While misandry, or the hatred of men, may seem a little extreme in its use, the commercial is still very degrading and openly objectifies men on a sexual and physical level.
The video features a troop of four men– three muscular and one fairly overweight. While all body types are represented, the heavier set of the men is still “comically” outcast from the group at the end. Each of the muscular cast members says “hefty” to complete the brand’s catch phrase, “hefty, hefty, hefty,” leaving the heavier group-mate to enter the frame at the end and isolating him as the “hefty” example.
Man-on-man hate: humor or passive aggression?
Earlier in the video, one of the brunettes talks about the “gripping drawstring” saying it’s “So tight.” The video cuts to him snapping the drawstring around an open garbage can, causing the woman next to him to jump and shudder with apparent pleasure.
Not only does this image over-sexualize men, but it degrades women as well, reducing how their perceived to quivering housewives in need of a burly, caveman to keep their minds right.
In regards to the males in the video, Hefty has completely eliminated any sort of mental acuity from the depiction of their characters. Though the intent was comedic, it still reduces the men to sexually-motivated beasts with a sole intent to prove an antiquated stereotype of masculinity.
Men should be viewed as dynamic beings, and not just objects.
In another commercial by Liquid Plumber, a woman picks up the product and after biting her lip, immediately dissolves into a fantasy featuring a well-built, semi-shirtless plumber offering her a “quickie” to “unclog her pipes.”
Cheesy, sexual music plays in the background of the extremely suggestive revere as a slow-talking narrator uses the word “penetrate” to describe the dissolution of clogs, saying “it will leave you satisfied in only seven minutes.”
The commercial ends with a montage of blatant, sexual references featuring metal pipes held and manipulated near a man’s crotch and a hand drill being forced in and out of a plank of wood. Again, the woman is shown as a stuttering, flustered mess.

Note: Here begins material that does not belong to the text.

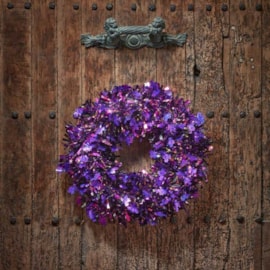 Smart Garden Hallowreath Purple (5081303)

Not only does this commercial treat the woman as a mindless, horny housewife, it also undermines any form of masculinity that doesn’t involve ripped muscles and trade work.
Men are valuable regardless of their physicality. The sole importance of manhood does not revolve around your testosterone levels. Intelligence, compassion, resourcefulness, humor, ethic and ambition are just a few of the qualities that identify a human, man or woman, as a valuable friend or partner.
I understand that the commercials were supposed to be humorous. However, they are blatantly sexual and suggestive and were played during the day when children and young adults would have seen them.
The price of humor should be paid, but not at the risk of harming young ones or stereotyping men and women any further than they already have been.
For example, Kmart published a Christmas commercial in November called “Show Your Joe,” featuring a group of men in tuxedo jackets and holiday-themed boxer shorts playing “We Wish You a Merry Christmas” on a set of hand bells.
The table with the bells rolls away and the smiling men begin swinging their hips back and forth, imitating the hand bells with their own pelvises. The crowd applauds at the end and they all bow, closing with a quick Kmart plug for the sale.
The men are almost fully-clothed, reducing the overt sexuality substantially. The only skin showing is the men’s legs, from the lower thigh to the upper shin, as the underwear is showcased for sake of the commercial. The boxers are loose, making sure no suggestive lumps or bumps bulge out during the course of the song.
This commercial is a great example of masculine humor done right, and it’s certainly one of the least-promiscuous undergarment commercials I’ve seen.
Masculinity shouldn’t be solely defined by the size of the muscles or the ability to “penetrate” and “satisfy” in seven minutes. Consider this before sharing these “humorous” commercials with others.